** Opening DATA FOR THIS TASK block **

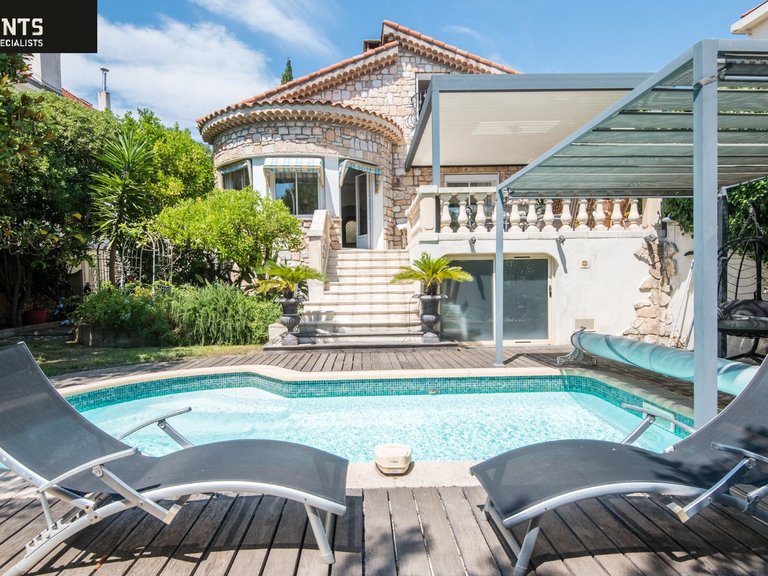 Villa for Sale in Nice, Nice Area 2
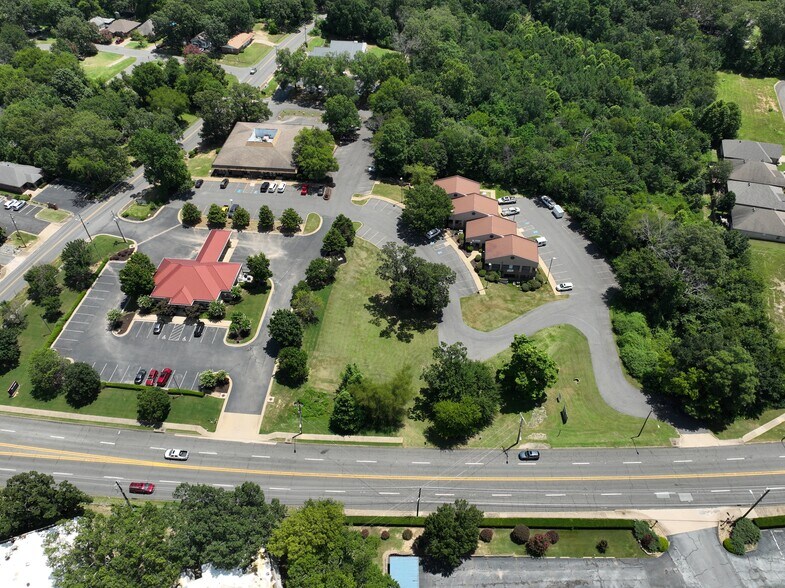 More Photos Of 106 Ridgeway St, Hot Springs National Park Office For Lease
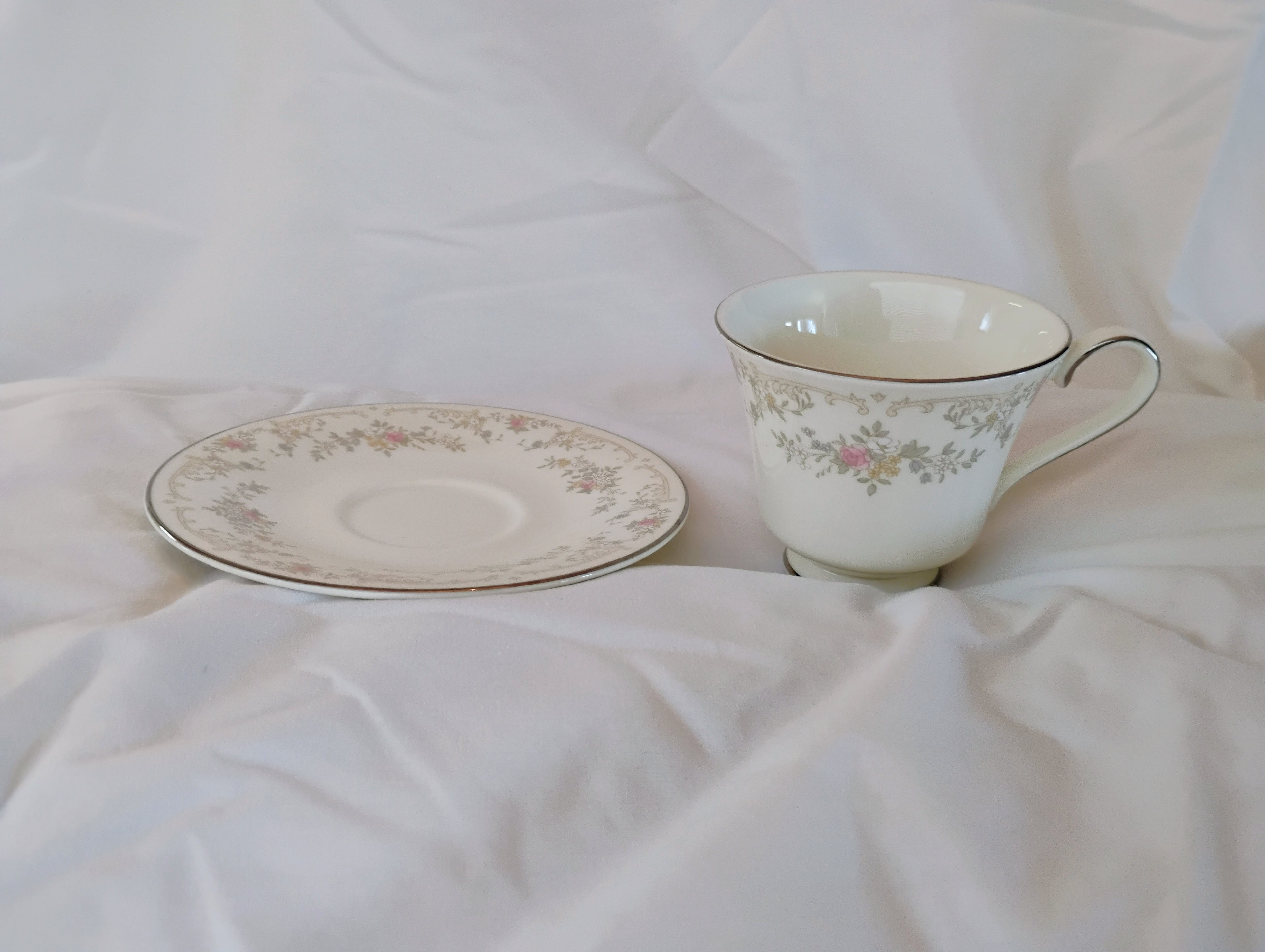 Royal Doulton "Diana" Tea Cup & Saucer — The Romance Collection
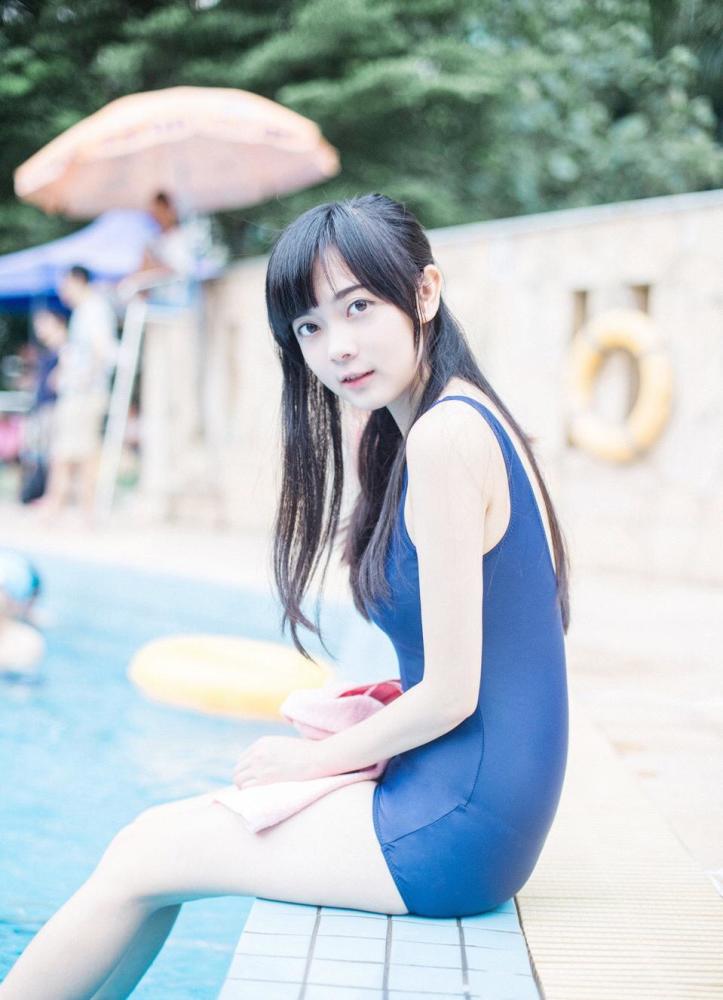美女泳衣性感湿身诱惑写真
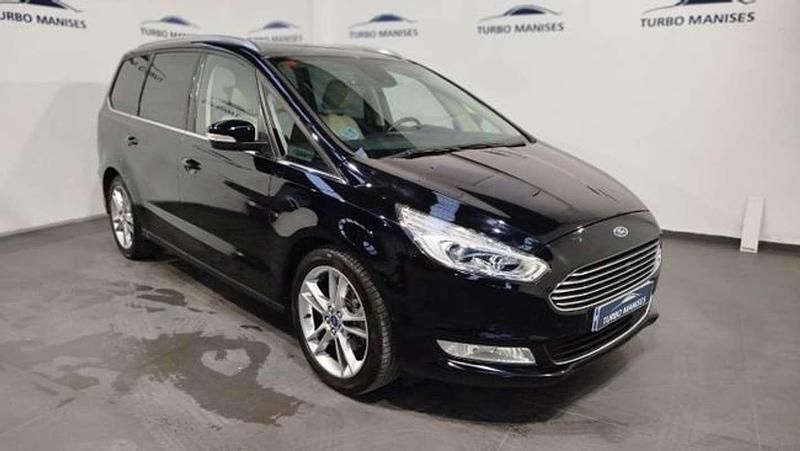 Usado Ford Galaxy Titanium 193 CV (141 kW) 2019 Negro Monovolumen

** Closing DATA FOR THIS TASK block **

== PROMPT ==
Please restate the entries word for word. Skip the pictures.

== ANSWER TO THIS EXERCISE ==
 Villa for Sale in Nice, Nice Area 2
 More Photos Of 106 Ridgeway St, Hot Springs National Park Office For Lease
 Royal Doulton "Diana" Tea Cup & Saucer — The Romance Collection
美女泳衣性感湿身诱惑写真
 Usado Ford Galaxy Titanium 193 CV (141 kW) 2019 Negro Monovolumen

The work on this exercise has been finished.